Summer/spring all year pretty much, the locals are nice, the wildlife is beautiful, the micro climates are so abstract that it's hard to get bored of this place in the south it's too hot to sleep at night, in the north it's to cold.

Paradise here is in La Caleta, a small village with steep cliff beach, there are about 200 people there living in tents, caves and beachhouses made out of palm trees, there is a really hippie atmosphere, people throwing parties and playing music every night.

Some people have been in La Caleta for weeks, some for months, others for years without money, and happy as fuck
















The community of La Caleta (and some of our local neighbors from "Babilon") is really laid back, peacefull and fun to stick around with, everyone here is your friend and you never walk alone.

Dumpster diving works well here, there are 3 supermarkets with locked trash containers, but we have an arrangement with the garbage men that we can take what we want before they take it.

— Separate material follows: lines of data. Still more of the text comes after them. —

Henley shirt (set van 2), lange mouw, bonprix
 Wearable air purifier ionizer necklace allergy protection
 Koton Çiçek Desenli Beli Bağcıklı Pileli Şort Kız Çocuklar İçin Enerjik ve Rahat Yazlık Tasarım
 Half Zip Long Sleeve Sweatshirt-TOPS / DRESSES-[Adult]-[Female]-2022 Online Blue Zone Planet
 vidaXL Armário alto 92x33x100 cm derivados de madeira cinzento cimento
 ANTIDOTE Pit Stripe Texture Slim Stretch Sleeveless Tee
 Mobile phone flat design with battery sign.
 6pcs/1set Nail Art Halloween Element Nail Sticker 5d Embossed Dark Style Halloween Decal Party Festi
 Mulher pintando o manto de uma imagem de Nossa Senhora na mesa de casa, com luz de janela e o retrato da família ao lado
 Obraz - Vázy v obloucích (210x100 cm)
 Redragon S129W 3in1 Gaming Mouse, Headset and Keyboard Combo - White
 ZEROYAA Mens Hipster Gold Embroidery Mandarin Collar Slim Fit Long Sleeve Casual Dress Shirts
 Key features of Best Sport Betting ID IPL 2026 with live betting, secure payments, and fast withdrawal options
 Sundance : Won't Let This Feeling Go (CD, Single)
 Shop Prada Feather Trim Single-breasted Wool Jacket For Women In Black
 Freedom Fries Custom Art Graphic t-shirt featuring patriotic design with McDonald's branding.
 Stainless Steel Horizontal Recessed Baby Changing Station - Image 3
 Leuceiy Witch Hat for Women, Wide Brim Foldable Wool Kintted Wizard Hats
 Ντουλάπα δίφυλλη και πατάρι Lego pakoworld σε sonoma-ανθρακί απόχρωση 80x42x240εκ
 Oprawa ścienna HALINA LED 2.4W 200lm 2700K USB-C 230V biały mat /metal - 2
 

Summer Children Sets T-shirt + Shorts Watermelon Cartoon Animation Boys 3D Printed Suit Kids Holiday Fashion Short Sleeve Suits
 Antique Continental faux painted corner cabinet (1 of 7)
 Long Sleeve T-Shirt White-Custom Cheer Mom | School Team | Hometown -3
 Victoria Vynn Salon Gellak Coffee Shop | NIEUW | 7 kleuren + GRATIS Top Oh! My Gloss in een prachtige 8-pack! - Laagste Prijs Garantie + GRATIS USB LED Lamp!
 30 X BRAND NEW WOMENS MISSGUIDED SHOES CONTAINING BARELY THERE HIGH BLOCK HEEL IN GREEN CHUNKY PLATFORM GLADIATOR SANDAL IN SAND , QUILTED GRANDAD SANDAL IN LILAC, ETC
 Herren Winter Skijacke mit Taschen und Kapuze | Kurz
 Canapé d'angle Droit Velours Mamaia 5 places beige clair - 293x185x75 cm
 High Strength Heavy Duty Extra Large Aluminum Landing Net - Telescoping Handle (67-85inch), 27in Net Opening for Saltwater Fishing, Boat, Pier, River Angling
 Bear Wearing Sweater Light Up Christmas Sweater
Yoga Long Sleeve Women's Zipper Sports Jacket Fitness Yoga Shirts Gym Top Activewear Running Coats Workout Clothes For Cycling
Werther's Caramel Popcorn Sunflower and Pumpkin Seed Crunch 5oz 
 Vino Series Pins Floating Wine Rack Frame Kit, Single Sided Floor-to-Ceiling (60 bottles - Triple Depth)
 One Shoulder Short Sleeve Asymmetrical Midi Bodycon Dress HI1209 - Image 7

so usually it's about 5-10 people and 200€ worth of food (every fucking night, and they throw away a lot of booze too due to package damage).

we take showers and drinking water from a golf course that is right next to us, also for free and the owners don't seem to care for the past 20 years apparently.

there are only 2 things that suck here:

-getting around here, hitchiking is really diffucult do to having only one highway and not a lot of places for cars to stop, you're more likely to panhandle up a bus ticket not knowing a word of spanish than to hitch a ride here

-busking, in most parts of the island it just doesn't work at all, the cops are at you in 3-5 minutes and in places where it they aren't as harsh it's still difficult

but, if you know the right spot it still can be fun!


----------



## roughdraft (Dec 23, 2018)

was just chatting with a Swedish brother about his time there, glad you are enjoying


----------



## Deleted member 21429 (Dec 23, 2018)

Awesome! See, last month you were bummin about your friend bailing on you and now.... ~ peace and glad for you


----------



## Tony Pro (Dec 24, 2018)

I've had no problems hitchhiking around the island, I'm surprised you've had the opposite experience. I even witnessed a park ranger at the Teide visitor centre trying to convince a frumpy middle-aged English couple to hichhike back to their car. They were whining that they'd never hitchhiked in their lives. "Two minutes and you'll get a lift, I promise" he said.
I agree it is paradise; my wife had to drag me there kicking and screaming because I thought it would be Minorca-tier vacationland with developed beaches filled with English white trash. What we found was enormous forests, comfy campsites, and the tallest mountain in Europe. I'd go back to the Canaries in a heartbeat. Madeira also looks amazing.


----------